紅葉前線捕獲作戦【川中温泉】

雲場池の鴨

この雲場池は「スワンレイク」と呼ばれるんですよー、と解説看板には書いてあった。

「で?この池のどこに白鳥が居るというのかねキミイ」
「多分あの目の前に見える鳥が白鳥なんですよ、きっと」
「馬鹿をいえ、白鳥は白いから白鳥と言うんだ。あれはなんだ、青首じゃないか」

どう見てもマガモでございます、という鳥が「我らこそ白鳥」とばかりにすいーすいーと池の上を漂っている。まあいいか。
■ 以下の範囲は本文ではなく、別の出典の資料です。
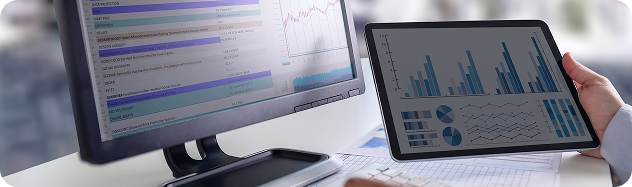 Financial analyst holding a tablet displaying data charts next to a desktop computer showing budget analytics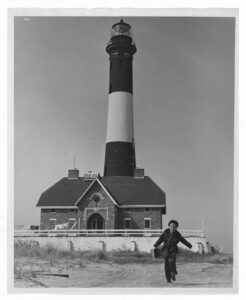 Black-and-white photograph of a lighthouse, patterned in bulky stripes. In the foreground, a young boy runs on the beach toward the camera.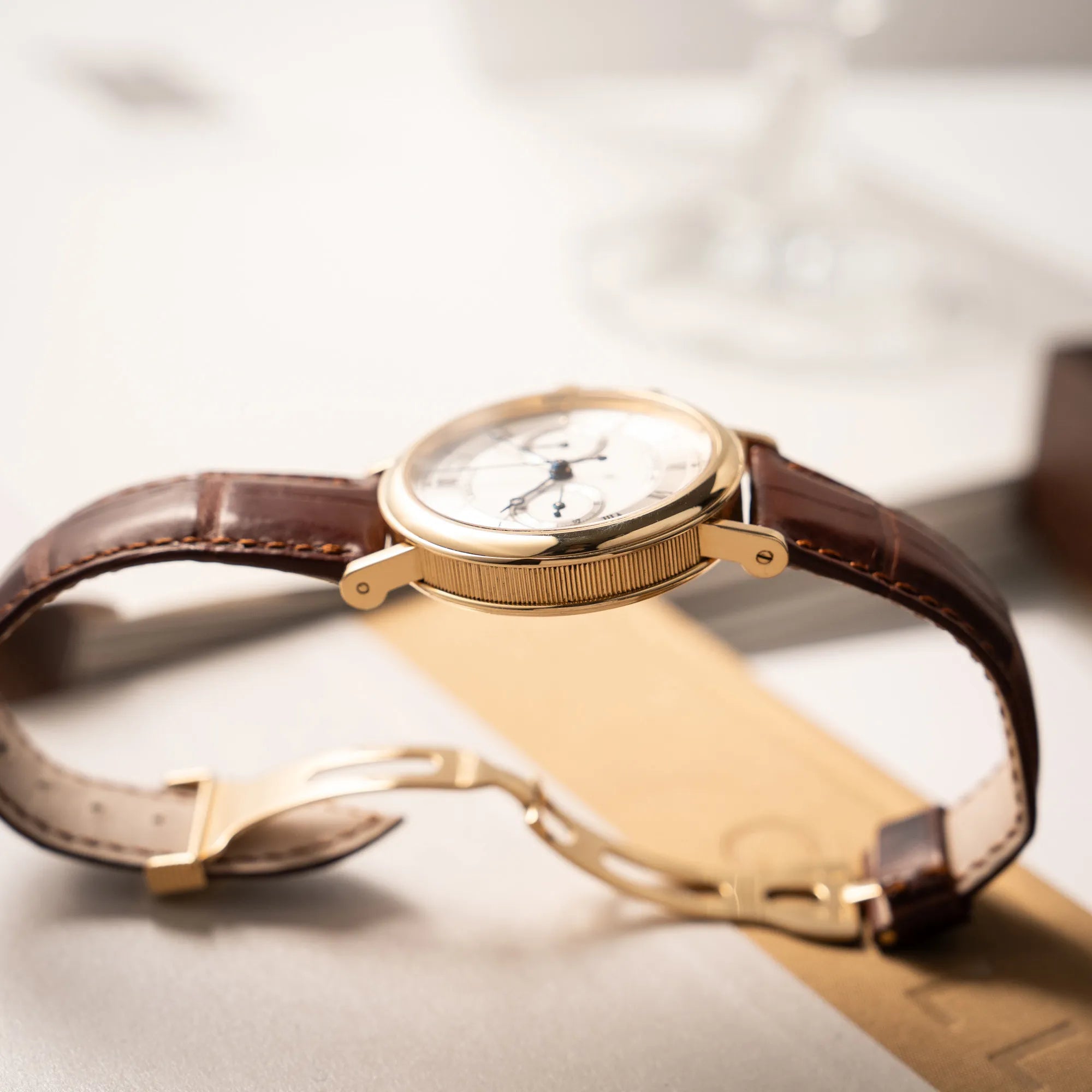 Produktfotografie ds Breguet Classique Chronograph der Referenz 5237 in Gelbgold mit silbernem guillochiertem Zifferblatt am braunem Lederband  zeigt die kannelierte Gehäusflanke der Armbanduhr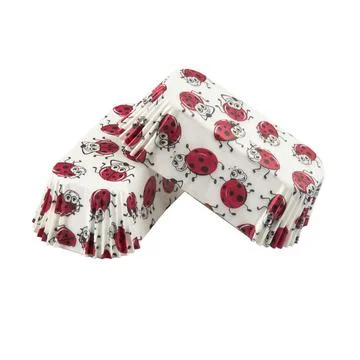 White paper baking forms for cakes with ladybirds pattern Stock Photos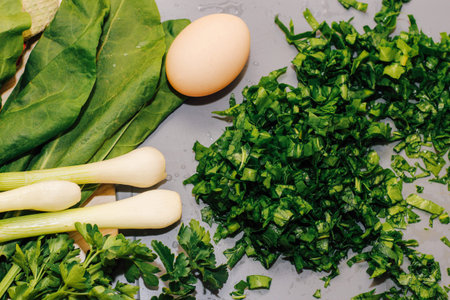 Young green chopped greens close-up, sour sorrel, eggs and onions.の写真素材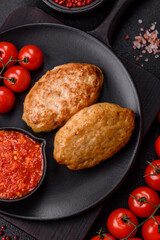 Delicious fresh fried minced fish cutlets with spices and herbs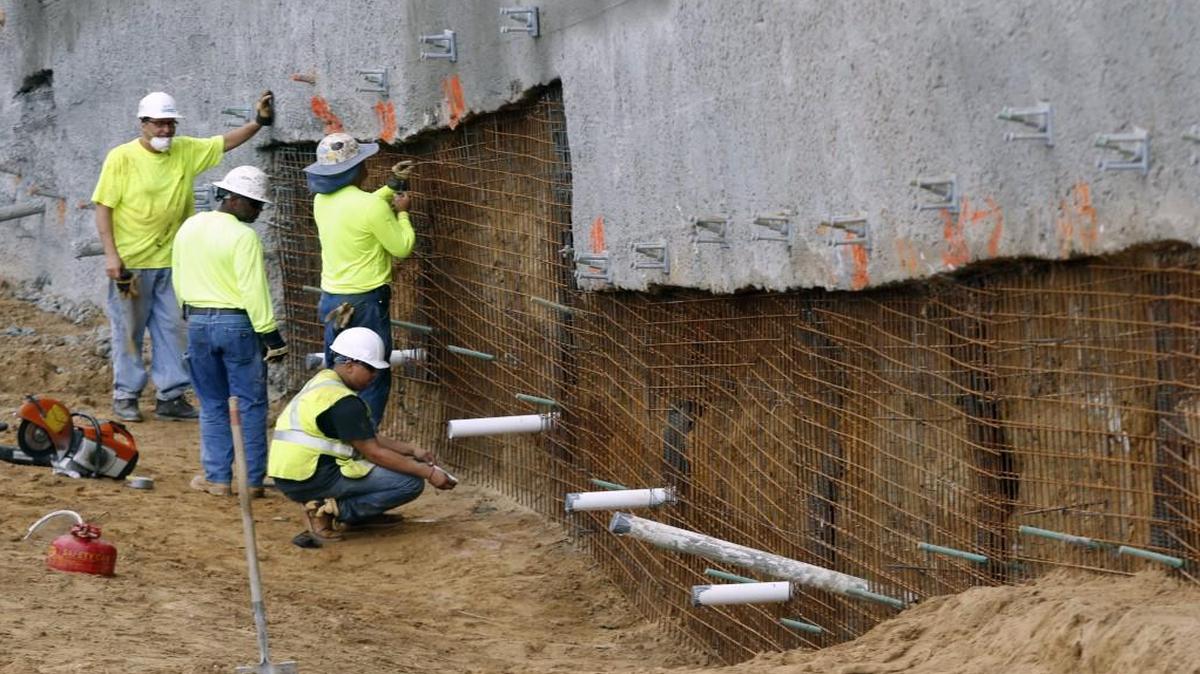 
Workers for Subsurface Construction Company of Raleigh, NC anchor sheets of wire mesh into an earth and stone wall Thursday, September 10, 2015 to be reinforced with shot concrete for the base of a retaining wall at the new Waltonwood at Lake Boone senior living facility. 
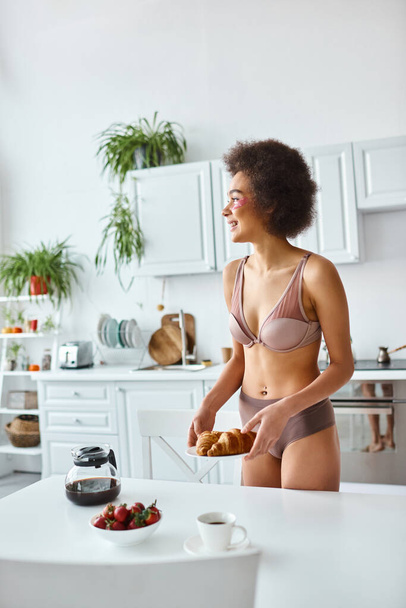 heureuse femme afro-américaine en lingerie servant croissants et fraises pour le petit déjeuner - Photo, image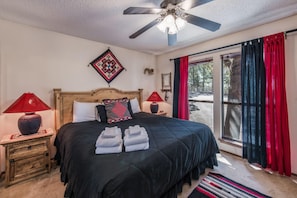 A bedroom with a bed, two nightstands, a ceiling fan, a window with curtains, and a view of the outdoors. - Cowboys Indians And Outlaws By Vtrips (Ruidoso)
「紅葉もいいけど、寒くなると鴨がおいしい季節だよな」
「鴨肉、いいですねえ」
「今晩、宿で鴨がでるかどうかかけてみるか?」
「でないと思います」
「即答だな。僕もでないと思う」
「なんだ、一緒じゃないですか。賭けになりませんよ。そもそも賭けに勝ったら何があるっていうんですか」
「相手の鴨肉総取り」
「ひでぇ。そんな賭け、危なっかしくて乗れないですよ」
「じゃ、じゃあじゃあじゃあ、茶わん蒸しがでるかどうかかけるか?」
「イヤですよ、勝っても茶わん蒸し2個は食べたくない」
「そうかー。茶わん蒸しがでるかどうかって、確率としては50%くらいだろうからいい賭けの対象になるんだけどな」

鴨

「なんだ、白鳥じゃないじゃないか」と鼻で笑われた鴨だが、一発奮起したのかなかなかなショウを見せてくれた。

水没カモ

ついーっ、と泳いでいたかと思ったら、急に頭から池に潜り、餌を探している。

「おお」
「お尻丸出しだ」

その様子がなんともチャーミング。しばらくみとれてしまった。

「いやね、白鳥ってなんだかお高くとまりやがって、あんまり好きじゃないんだよ。むしろ鴨の方が好きかも」
「なんかさっきと態度が変わりましたね」

何度も何度もお尻を無防備に突き出す鴨は、いとをかしだった。

「ああ、あのケツにカンチョーしてやりてぇ」
「何言ってるんスか」

北軽井沢

雲場池を後にし、われわれは北へと向かう。

軽井沢から、浅間山山麓に位置する北軽井沢へはうねうね道が続き、軽井沢から一段と標高が上がる。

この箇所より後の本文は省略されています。